“Horse boy”: il viaggio di un bambino autistico in Mongolia, in cerca di una “cura”
ROMA – E’ stato scelto il 2 aprile, Giornata mondiale sull’autismo, per l’uscita nelle sale del film “Horse boy. L’amore di un padre”, del regista statunitense Michel Orion Scott. Ancora un viaggio al centro di un film (come nel caso di “The special need” dell’italiano Carlo Zoratti) che ha come motivo dominante la disabilità: quasi il simbolo di un percorso a ostacoli, quello che le disabilità impongono, ma anche metafora della ricerca di libertà dai pregiudizi, dai limiti imposti da un assetto sociale che rischia di asfissiare le persone, specialmente quelle con bisogni speciali, e poco incline all’integrazione.
In 93 minuti “Horse boy” racconta il viaggio compiuto da Rupert Isaacson e Kristin Neff, i genitori del piccolo Rowan, per curare il figlio. Scott segue la coppia texana e suo figlio che nell’estate del 2007, per un mese, hanno attraversato a dorso di cavallo la Mongolia alla ricerca di un gruppo di sciamani, nella speranza che i loro riti e il contatto con la natura potessero aiutare Rowan a guarire da quella che oggi è una delle malattie più diffuse al mondo (nei soli Stati Uniti si stima che i casi potrebbero superare i 4 milioni nel prossimo decennio).

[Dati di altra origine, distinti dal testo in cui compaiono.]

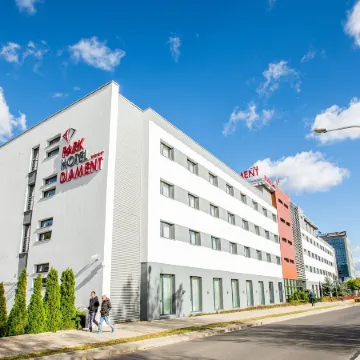 Park Hotel Diament Wroclaw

boxQuando all’età di due anni, nel 2004, a Rowan viene diagnostico l’autismo, Ruper Isaacson scrittore ed ex allenatore di cavalli e sua moglie professoressa di psicologia iniziano a cercare la miglior cura possibile per il loro bambino, ma nessuna terapia ha effetto. Capiscono un giorno che il figlio, che ma mano si è chiuso in se stesso e non parla, agita le mani e urla senza un motivo apparente, ha un’affinità e una capacità di empatia con gli animali, in particolare coi cavalli. Da qui la decisione della famiglia di intraprendere il viaggio. Inizialmente la moglie Kristin rifiuta, scettica, l'idea del marito di recarsi fin là, poi si lascia convincere. Raggiungono la capitale della Mongolia e poi proseguono a cavallo, carichi di bagagli, salviette usa e getta, pantaloni di ricambio, giocattoli; accompagnati da una troupe cinematografica, un pulmino, una cuoca, delle guide e alcuni traduttori, spostandosi da un guaritore all'altro e arrivando, dopo aver attraversato tutta la steppa, fino all'estremo nord, nel territorio del Popolo delle Renne, nella parte mongola della Siberia, a più di 3 mila metri di altitudine. Molti i riti a cui il bambino è stato sottoposto, nei vari gruppi di sciamani incontrati. Intenso, soprattutto, il contatto con una natura sovrastante, autentica, in grado di restituire tempi e modi di vita diversi dalle città. Rowan, come lo stesso Rupert ha ammesso, dopo il viaggio in Mongolia non è guarito, è migliorato. Ha perso i tratti più violenti della sua condizione, sa controllare di più gli sfinteri ed è capace di rilassarsi, a contatto con la cavalla Betsy, anche per due ore cavalcandola da solo. È ancora autistico sebbene sia stato liberato dagli aspetti più negativi: la sua essenza non cambierà mai e non è nemmeno questo che i genitori vogliono.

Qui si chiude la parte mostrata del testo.